Five million Britons are to be recruited to join a major health study which aims to predict who will get ill in their later years even before they show symptoms.
Hoped to be the UK’s largest ever health research programme, Our Future Health will track people throughout their lives in a bid to come up with new ways to prevent, detect and treat diseases such as dementia, cancer, diabetes, heart disease and stroke.
Experts said the coronavirus pandemic has meant that people are more tuned in to the importance of clinical research and the programme will start to recruit volunteers over the age of 18 in the spring.
Dr Andrew Roddam, chief executive of the project, said participants could help shape the care for future generations by providing health data about themselves.
He told the PA news agency: “Our Future Health started out because we know that people spend a lot of their later life in relatively poor health and, despite everything that we’ve seen in the advances in medicines around dementias, cancers, heart disease, strokes and other things, we still know people live that sort of latter part of it in quite an unhealthy state.”
Estimates suggest that 59% of those aged 65 or older in the UK have two or more serious health conditions but this is expected to rise to around 70% by 2035.
Dr Roddam added: “Our Future Health is a new research programme really designed to help researchers take advantage of some of the different ways of thinking about preventing, detecting and treating diseases.
“What we’re aiming to do over the next few years is to build a community of five million volunteers, people over the age of 18, who are willing to share information about themselves, provide blood samples, complete questionnaires and be given the option ultimately to get some feedback about their health by taking part in the research.
“We want to do this across the UK, recruiting every type of person that we can find, covering all of the ethnic backgrounds, social backgrounds, all of the regions and areas in the country.
“So that really what we get to is information and knowledge about people that will ultimately give us new insights into ways of finding disease earlier and intervening earlier on to give them those better, higher quality years of life later on in life.”
By having such a large pool of participants researchers hope to be able to paint a picture of people’s health before they become ill and as they are diagnosed.
In turn, this will help them spot signs of illness and pinpoint interventions.
“So you don’t always wait until the late diagnosis – you’re getting in early, you’re able to sort of prevent that progression, or at least slow it down in individuals to allow them to live healthier lives for longer in the future,” said Dr Roddam.
He added that, due to the pandemic, people are “much more appreciative of the value of kind of collaboration and being able to share information about themselves to advance how we develop treatments, vaccines, information”.
Professor Sir John Bell, chairman of Our Future Health, said: “Progress in tackling the growing burden of chronic disease depends on strong collaboration across the life sciences sector and health system.
“We’ve certainly seen how powerful it is during the Covid-19 pandemic, with the rapid development and deployment of vaccines, diagnostic tools and treatments into the NHS at unprecedented speed and scale.
“Our Future Health is designed to harness the power of collaboration.

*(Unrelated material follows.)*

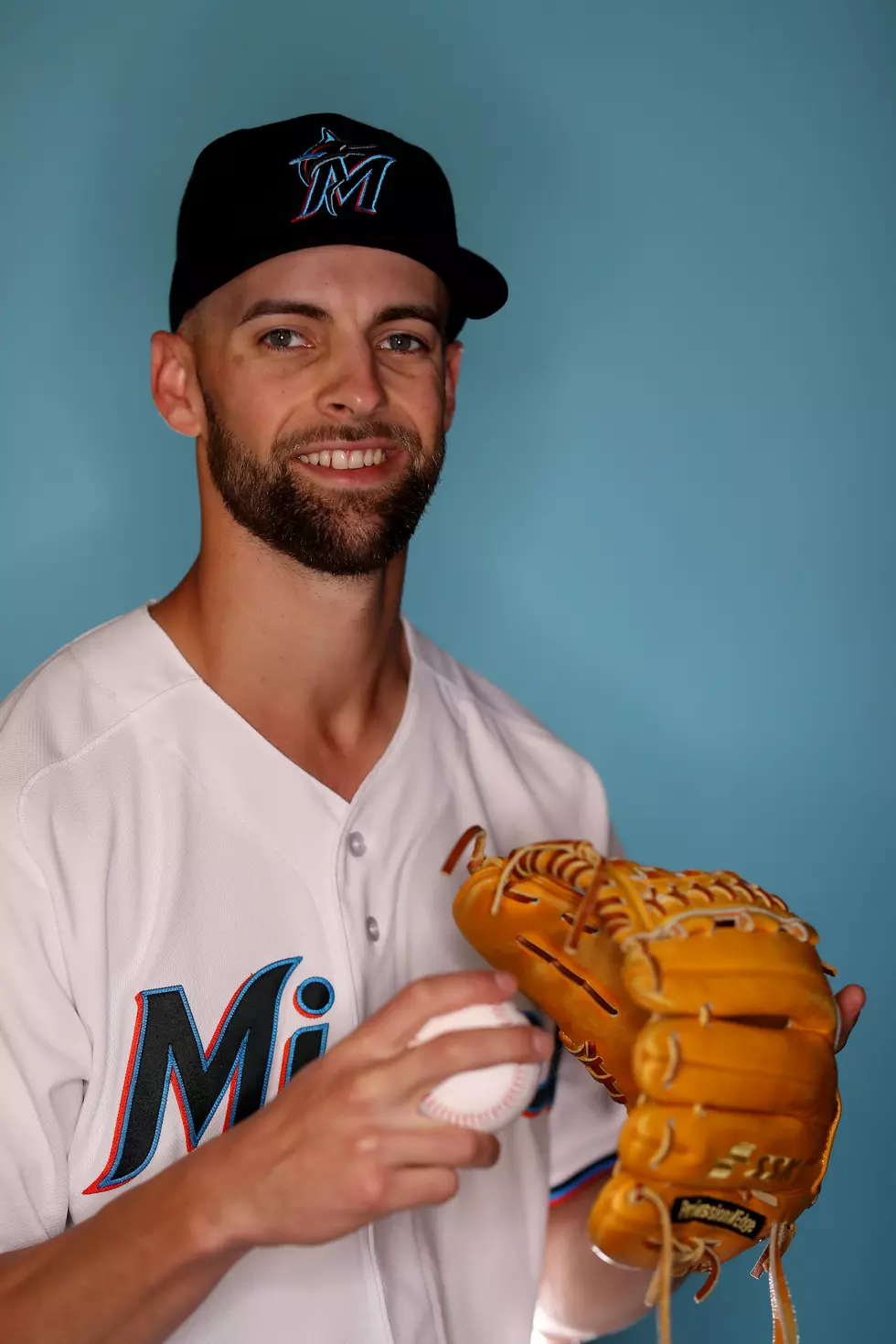 This Minnesotan Just Made His First MLB Opening Day Roster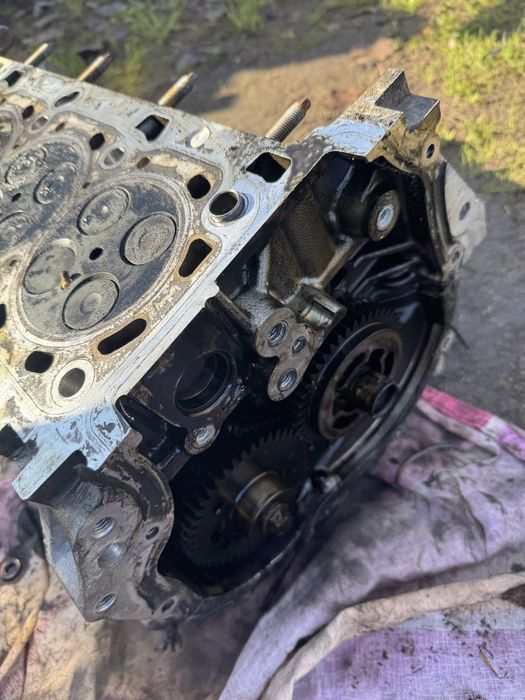 Vand chiuloasa motor 2.0 dci 150 cai r9m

The combination of support from industry and charities that we’re announcing today, alongside our existing funding from the Government, means we’re on track to build Our Future Health into a world-leading health research programme.
“Hopefully it will lay the ground for a bold new approach to healthcare in the NHS, focused on early detection and prevention of disease.”
The project, which is is primarily funded by UK Research and Innovation (UKRI) and in partnership with the NHS, has been endorsed by 16 major health charities.
It has so far raised £100 million of £160 million needed.
A spokeswoman for the project said data shared by participants will be “de-identified” and held in “trusted research environments”.
Dr Roddam added: “We recognise that this is one of the most precious things that we’re asking people to share about themselves – information about their health and what’s happening to them is really very personal information – and we treat that with the highest levels of protection and respect.”